4) Per queste ragioni e per molte altre che sarebbe troppo lungo raccontare l’arci, d'intesa con tutti i soggetti che compongono la rete di Libera sul territorio, ha più volte comunicato alla Casa della Legalità e ai suoi rappresentanti di non voler fare iniziative insieme, cosa che ci veniva continuamente richiesta.
5) La casa della Legalità ha più volte citato l’Associazione nazionale Libera come soggetto partner delle sue attività, cosa che invece non risulta.
6) In seguito, abbiamo verificato che Il Sig. Abbondanza e la Casa della legalità operavano in maniera assolutamente scollegata dagli organismi dirigenti della SMS Perugina, che erano all’oscuro di quanto dichiarato, fatto o scritto dal Sig. Abbondanza. Siccome spesso le attività del Sig. Abbondanza facevano riferimento anche alla SMS Perugina, è evidente quanto il fatto che il Presidente della Società e il Consiglio direttivo fossero all’oscuro di tutto fosse di particolare gravità.
7) Infine veniamo a sapere che il campione della legalità Sig. Abbondanza rilasciava tessere fasulle della SMS Perugina incassando personalmente la quota sociale versata, senza comunicare nulla al Presidente della Società di mutuo soccorso.
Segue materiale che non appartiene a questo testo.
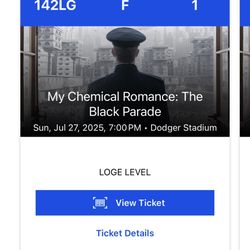3 My Chem Tickets Dodger Stadium Night 2 July 27
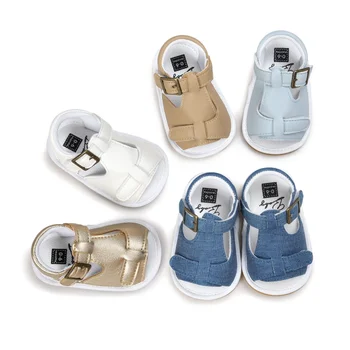 

2020 New Baby Kid Sandals Crib Summer Anti-Slip PU Shoes Soft Baby Girls Shoes USA Shipping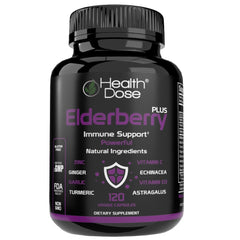 Health Dose Elderberry Plus bottle with front label
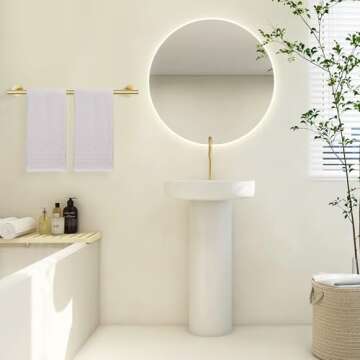 TURS Bath Towel Bar 23.6 Inch Towel Rack Stainless Steel Round Towel Holder Brushed Gold Wall Mounted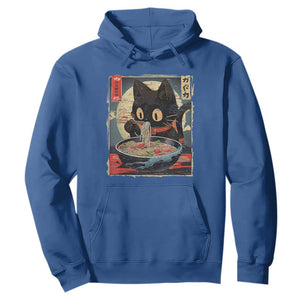 Funny Black Cat Eating Ramen Noodle Graphic Hoodie Japanese Kawaii Anime Gifts TS02 Royal Blue Print Your Wear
8) Non pago di questo, sulla base del tesseramento fasullo si è presentato al Presidente del Tribunale di Genova chiedendo la convocazione straordinaria dell’assemblea dei soci della Società. Dopo l'audizione delle parti, il 30 giugno 2006 il Presidente ha revocato il suo provvedimento precedente, che accordava l'assemblea straordinaria, in quanto “il possesso della qualità di soci da parte di coloro che avevano ottenuto il provvedimento (Abbondanza e Casa della legalità) è risultato molto dubbioso e controverso”.
9) Il Sig. Abbondanza ha di fatto occupato i locali del circolo, dormendo nella SMS Perugina, diventata di fatto, in alcune stanze, sua abitazione personale.
10) Durante l'ultima assemblea dei soci della Società di mutuo soccorso, tenutasi il 19 giugno, erano presenti anche la signora Caponnetto e Salvatore Calleri, Presidente della Fondazione Caponnetto, chiamati dal sig. Abbondanza. La loro presenza, utile e ben accetta, al contrario di quanto affermato in un comunicato dalla ###### ci ha permesso di metterli al corrente della reale situazione.
Il Sig. Abbondanza invece, dovrebbe spiegare i motivi per cui la Casa della Legalità ha, di fatto, rifiutato la mediazione proposta la sera stessa dalla signora Caponnetto e Salvatore Calleri, chiamati da loro stessi per farsi sostenere.
11) Da qui l'ultimo passo del Sig. Abbondanza: diffamare la storia della SMS Perugina, i suoi soci e il suo gruppo dirigente. Speriamo che sia davvero l'ultimo.
Ecco. I fatti in realtà sono molto di più e noi ci siamo limitati all’essenziale. Crediamo che questo sia sufficiente per mostrare - a chi ci ha chiesto chiarezza o ha ricevuto i comunicati del Sig. Abbondanza - di chi e di che cosa stiamo parlando.
LA SMS Perugina è un’antichissima società di mutuo soccorso aderente all’ARCI.
Oltre al fatto che il Sig. Abbondanza ha modalità di lavoro totalmente incompatibili con il portato, la storia, il coraggio e il senso di responsabilità dell’Arci, i nostri referenti per la vicenda non possono che essere i dirigenti della SMS Perugina democraticamente eletti, e non responsabili di associazioni che occupano gli spazi della Società e che non hanno nessun legame con l'Arci.
Sperando di avere chiarito un po’ l’intricata vicenda, vi salutiamo e siamo a disposizione per ulteriori chiarimenti.